Hang in there, Hank, we know exactly how you feel.
We joined The Price is Right in 2018. It was our second hockey team in the Yahoo Fantasy Hockey system. One of our best friends was the league manager, and after several years of asking, we finally gained entry into the league.
Thankfully this blog wasn’t around last season to document one of the worse seasons of fantasy hockey ever recorded. We started out as Tre Kronor, only to change our name to the ’74-75 Capitals, who are considered the worse single-season team in NHL history. Sadly we both went down similar paths, so it was only fitting to share the spotlight together.
Fast forward to 2019 and a clean slate. As the last-place team in the league, we could only go up from there, right? Now that we had a full understanding of the rules (set your lineups on Monday), we were better prepared for battle.
As the draft approached, we laid out some basic guidelines. We wanted to win specific categories and draft players who can be in the lineup every week and not leave us second-guessing in regards to their playing time.
Despite our best intentions, we were projected to be an bad team, one that would finish this season right where we finished last season, 12th place. The only bright spot of the entire season, besides the mid-season fire sale, was that we were pretty good in specific categories.
Below you find the season recap of Top of the Rock, The Price is Right back-to-back last-place champions!
Let’s start with our overall production numbers. Our league had 10 categories in every matchup. They were goals, assists, plus/minus, penalty minutes, power-play points, and shots on goals. For the goalies, wins, goals-against average, save percentage, and shutouts.
As our final numbers would indicate, we were an up and down team and did not deserve to finish in the last place again. We were the sixth-ranked team in goals (185), which was 27 goals out of first place. As a team, we only had 273 assists (last place), which equalled to be 131 out of first. The assists category was by far our worse since we sat in 12th place for 21 out of 22 weeks.

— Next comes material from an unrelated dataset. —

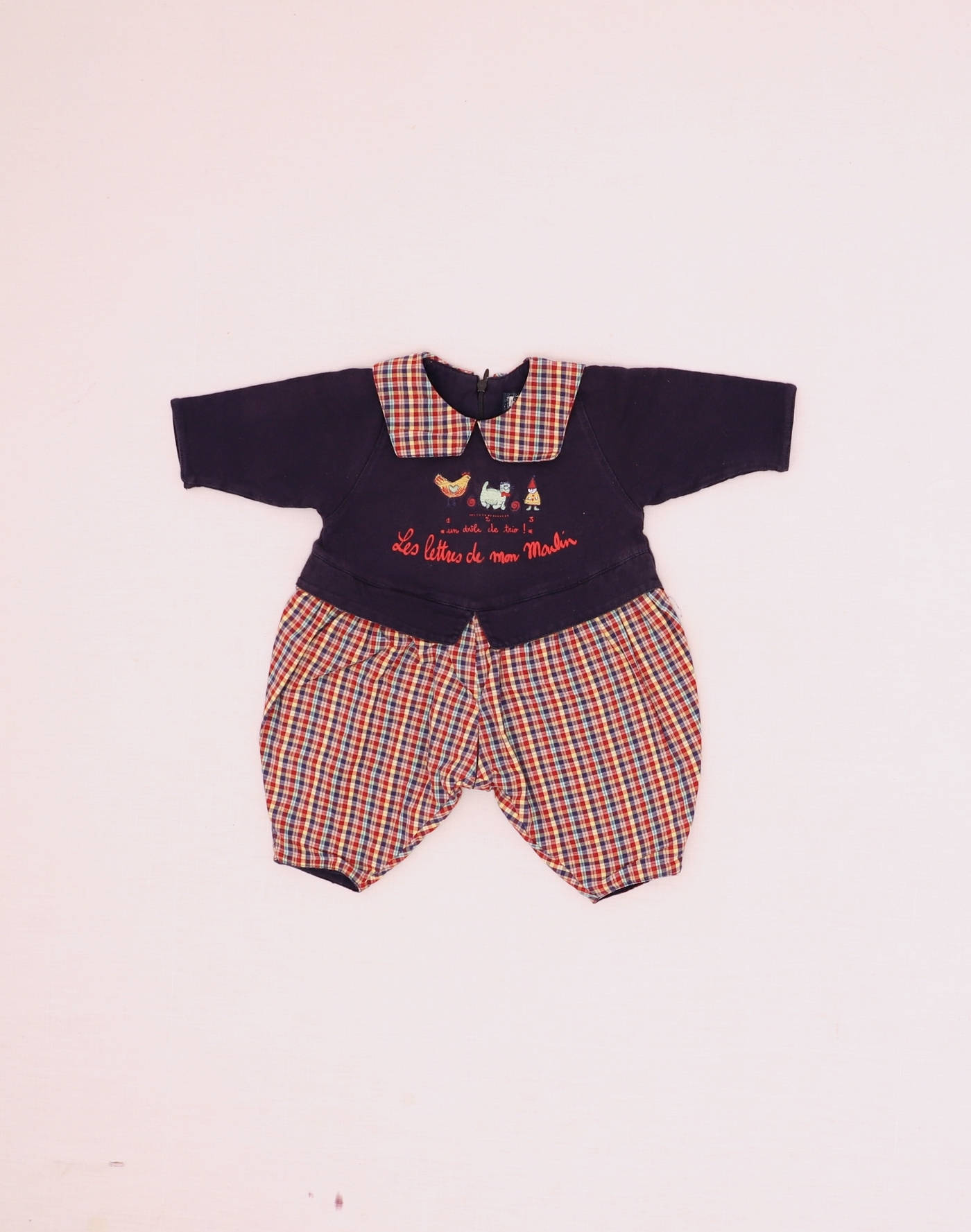 Lined plaid jumpsuit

After spending a good chunk of the season as a minus team, we put together some solid runs down the stretch to bring us to a +36 rating, which was still a whopping +51 out of the top spot.

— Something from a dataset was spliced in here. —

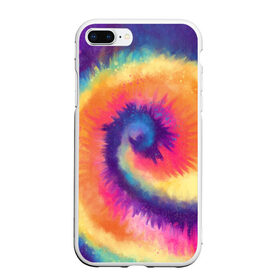 Чехол для iPhone 7Plus/8 Plus матовый с принтом TIE-DYE MULTICOLOR в Екатеринбурге, Силикон | Область печати: задняя сторона чехла, без боковых панелей | Тематика изображения на принте: dye | multicolor | tie | trend | акварель | брызги | градиент | дай | колор | краски | красочная | мульти | потёки | пятна | радуга | радужная | тай | тайдай | текстура | тренд | хиппи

Our best category was penalty minutes, where we finished as the league leader with 427. We still managed to rack up the infractions despite trading away our two best players (Tom Wilson and Evander Kane) at the deadline.
The other Achilles heel of the season was power-play points, where we only collected 105, good enough for the last place, 116 points behind the leader of the pack (221). We contended in the shots on goals category all year before stumbling a bit towards the end. Our 1841 total was only 52 away from first place, which landed us in the third spot.

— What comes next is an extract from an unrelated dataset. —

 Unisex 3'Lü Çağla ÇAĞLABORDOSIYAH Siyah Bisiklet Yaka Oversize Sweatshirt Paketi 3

When the draft ended, we had probably the league-best goalie tandem in Tuuka Rask and Marc-Andre Fleury. By the trade deadline, we were treading water with the two as Fleury had a down year, and Rask couldn’t hold the fort down by himself. We decided to part with Rask and put Fleury on the shelf.
For the majority of the season, our goalies lead the league in all four categories. Even on off weeks, our numbers didn’t suffer enough to have us drop out of the top five. But as the season wore on and the losses piled up, our goalies began to flutter, and our final numbers showcase how bad things got.
We finished with 46 wins, ninth-most in the league, 14 behind the leader. Surprisingly we left 18 wins on the bench, so imagine the final numbers if everyone had a chance to play! With only eight shutouts, we finished in third place. Our 2.34 goals-against average was 0.07 points out of first place, while our 0.920 save percentage (7th place) was just 0.035 behind the leader.
Categories & Projections
As we continue to break down the numbers, here’s a recap of every matchup. The orange colours were categories we won, grey colours were ties, and of course, white colours were losses.
We will spare you all the details about how many points we averaged every week, but if you were curious, the numbers are right there at the bottom of the spreadsheet. The numbers we do want to talk about are projections and the final outcomes. They were not pretty.
We failed to reach our potential in almost all 12 categories. In regards to goals, we missed the mark by 76. After that, we were off by 109 assists, which meant we underperformed for a total of 185 points! We were supposed to be +67 and finished a respectable 31 points behind that projection with a +36 rating (our best differential in the offensive categories). Despite being the worse power-play unit in the league, we only missed our forecasts by 59 points (164-105), which was third best. Even with the best guys in the league racking up penalty minutes, we still missed our projection by 391 minutes! After that, we landed at our worse differential, shots on goal. We were supposed to fire 2507 pucks at goalies but only managed to get 1841, though, a difference of 666.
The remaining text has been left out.